TASK ITEM
Every record is to be duplicated exactly as it reads, without its images.

_ _ _ _ _ _ _

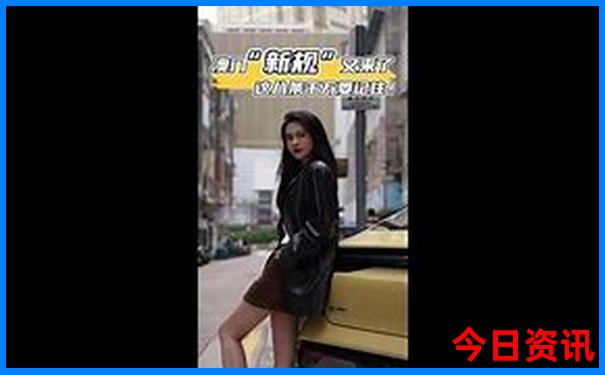 孩子暑假去哪里玩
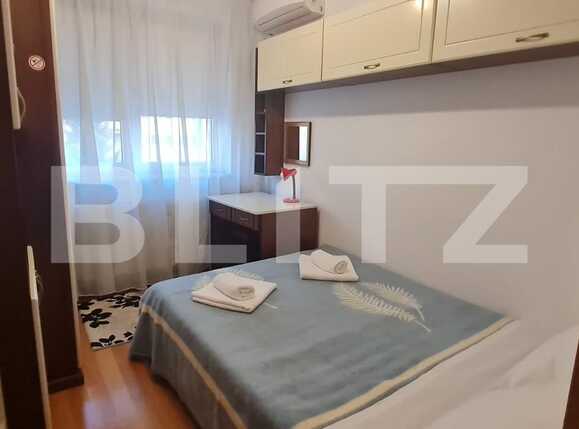 Apartament de vânzare 3 camere Hipodrom 1 - 81842AV | BLITZ Sibiu | Poza6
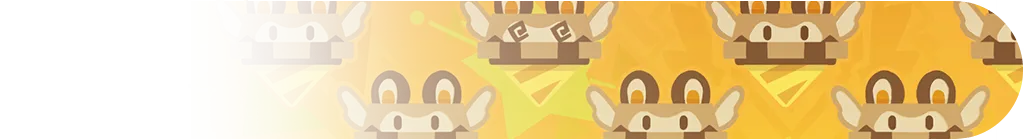 كاتشينا — النيم كارد — banner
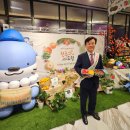 서울쌀백화점 이미지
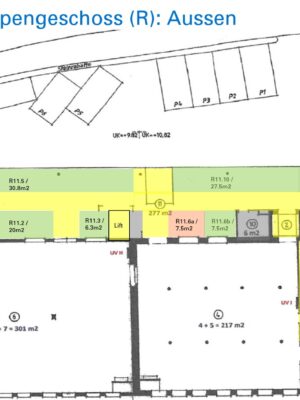 Amriswilerstr. 82, Grundriss_Rampe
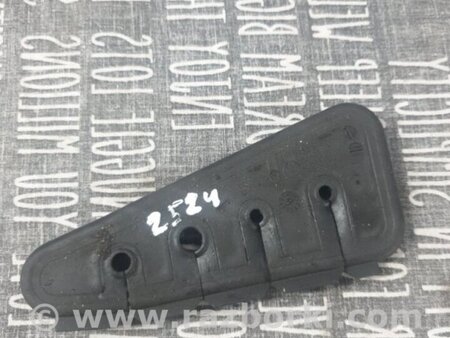 ФОТО Уплотнительная резинка для BMW 5 F10 (10-17) Київ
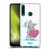 Me To You ALL About Love Find Love Soft Gel Case for Huawei Y6p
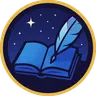 صورة الملف الشخصي لـ Worldbuilder's Cavern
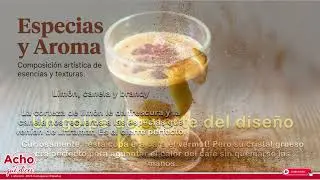 Café Asiático: El alma de Cartagena en una copa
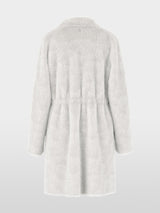 Marc Cain Coat BC 11.08. W64 - mannequin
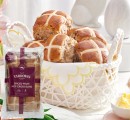 Yarrows-Hot-Cross-Buns-6-Pack-Selected-Varieties Sale
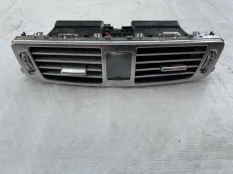 Дефлектор салона Mercedes-Benz CLS AMG C218/X218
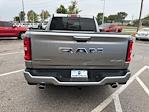New 2026 Ram 1500 Big Horn Crew Cab for sale #JR11568 - photo 24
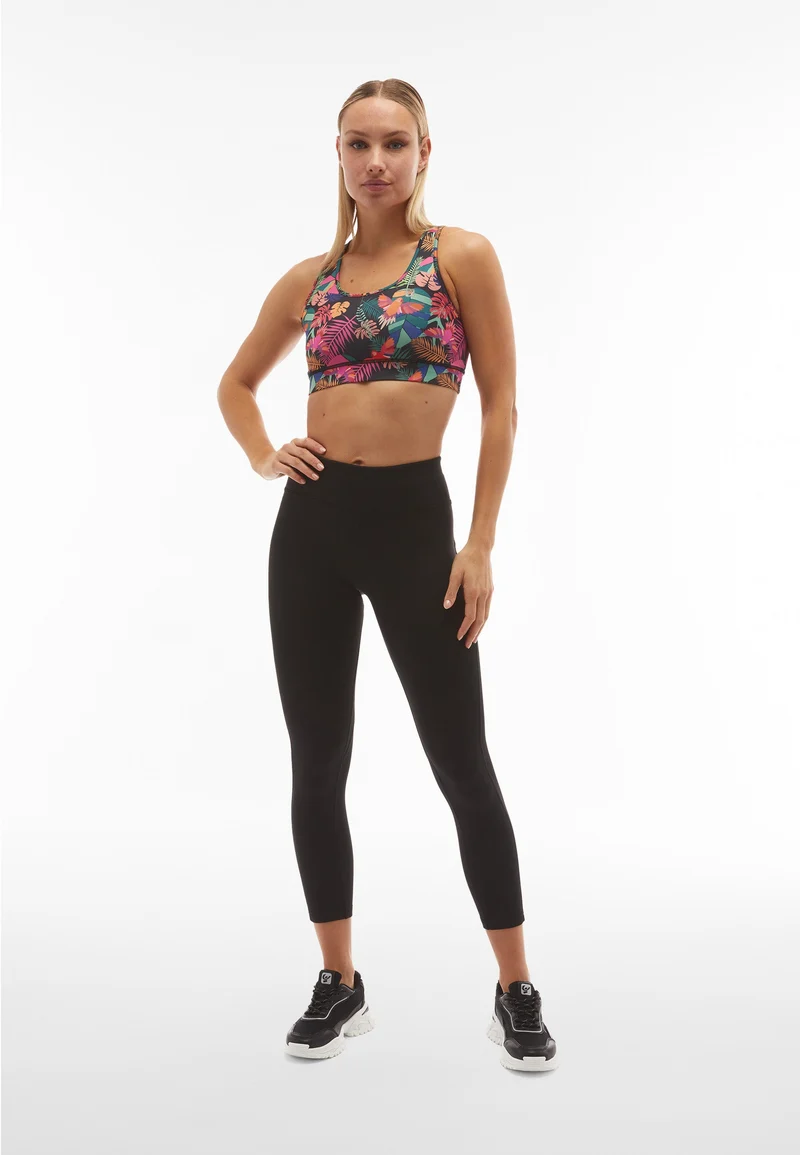 WR.UP® Sport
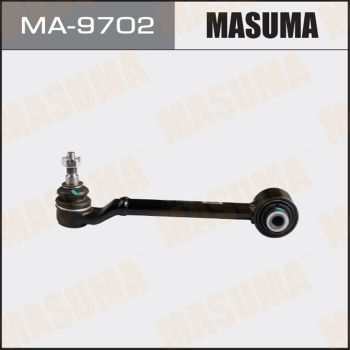 Рычаг подвески Masuma MA9702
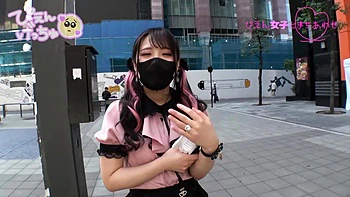 0011150_素人 顔射 指フェラなどが含まれている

_ _ _ _ _ _ _

RESPONSE TO THIS EXERCISE
 孩子暑假去哪里玩
 Apartament de vânzare 3 camere Hipodrom 1 - 81842AV | BLITZ Sibiu | Poza6
 كاتشينا — النيم كارد — banner
 서울쌀백화점 이미지
 Amriswilerstr. 82, Grundriss_Rampe
 ФОТО Уплотнительная резинка для BMW 5 F10 (10-17) Київ
 Me To You ALL About Love Find Love Soft Gel Case for Huawei Y6p
 صورة الملف الشخصي لـ Worldbuilder's Cavern
 Café Asiático: El alma de Cartagena en una copa
 Marc Cain Coat BC 11.08. W64 - mannequin
 Yarrows-Hot-Cross-Buns-6-Pack-Selected-Varieties Sale
 Дефлектор салона Mercedes-Benz CLS AMG C218/X218
New 2026 Ram 1500 Big Horn Crew Cab for sale #JR11568 - photo 24
 WR.UP® Sport
 Рычаг подвески Masuma MA9702
 0011150_素人 顔射 指フェラなどが含まれている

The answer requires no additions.